The Age of the GPU is Upon Us

Having made the improbable jump from the game console to the supercomputer, GPUs are now invading the datacenter.  This movement is led by Google, Facebook, Amazon, Microsoft, Tesla, Baidu and others who have quietly but rapidly shifted their hardware philosophy over the past twelve months.  Each of these companies have significantly upgraded their investment in GPU hardware and in doing so have put legacy CPU infrastructure on notice.

The driver of this change has been deep learning and machine intelligence, but the movement continues to downstream into more and more enterprise-grade applications – led in part by the explosion of data.

Behind this shift is an evolving perspective of how computing should operate—  one that has a particular emphasis on massive quantities of data, machine learning, mathematics, analytics and visualization.  These forces have exposed the shortcomings of the CPU while highlighting the attributes of GPUs and signal a key inflection point in computing that will ultimately permeate every enterprise, from technology giants to the local credit union.

The demise of Moore’s Law is a subject of open debate in the semiconductor industry.  While the “law”, which states that number of transistors in a dense integrated circuit doubles approximately every two years, has performed for decades, it has hit a bit of a wall in recent years.  The first problems began to appear a decade ago when CPU manufacturers hit the “clock wall” – keeping processor speeds under 4GHZ for close to a decade now.

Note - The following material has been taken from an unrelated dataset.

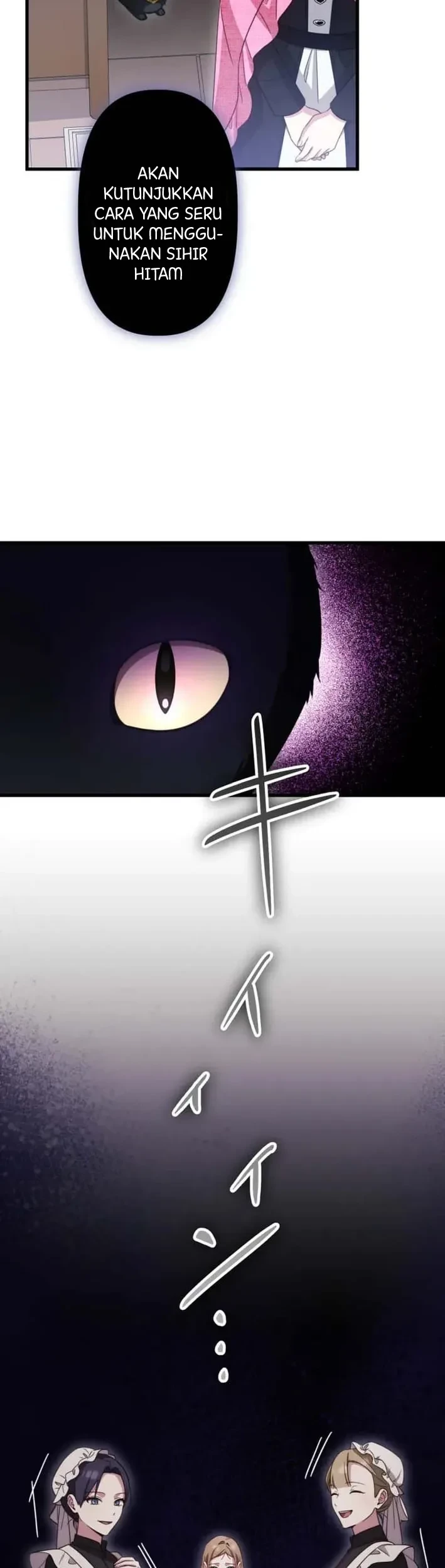 I’m a Condemned Witch, but I’m Being Loved After My Regression!? Chapter 5 - halaman 11
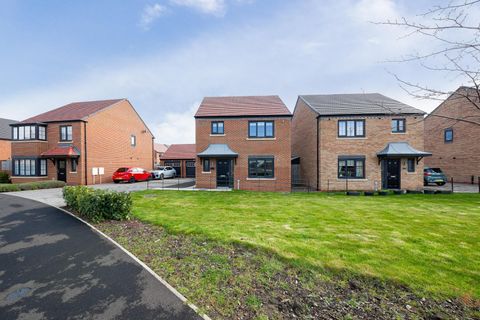 Windmill Court, Moorfields NE12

The talented engineers at Intel and AMD overcame this problem by adding more cores per processor— each with more instruction-level (superscalar) and data-level (SIMD) parallelism.

Adding more cores has its own implications as noted by programmer Herb Sutter in his famous 2005 essay “The Free Lunch is Over”.  The point Sutter made is that the large single-threaded performance gains software developers had grown accustomed to were a thing of the past and programmers were being forced to increasingly parallelize their code to take advantage of multicore processors.

The net effect was to limit computing progress at a time where more compute was needed.  The subfields of Artificial Intelligence (machine learning, computer vision, natural language processing, topology) required the capacity to consume and render large datasets – tasks CPUs simply are not effective at delivering.  The standard answer was to add more CPU compute, but this has significant costs, costs that include power, cooling and maintenance.

Faced with these challenges, a handful of pioneers began to work with GPUs to leverage the distinct capabilities of these X-Box and Playstation oriented computing platforms.

The Graphics Processing Unit was initially designed to project polygons onto a user’s screen – often in the form of zombies, athletes, aliens and racecars.  As the gaming industry grew, so did the appetite for performance.

GPUs eschewed the high clock speeds and architectural complexity required for high single-threaded performance demanded by CPUs.  Rather, GPUs achieved massive parallelism by combining thousands of relatively simple processing units to perform the math required for polygon rendering.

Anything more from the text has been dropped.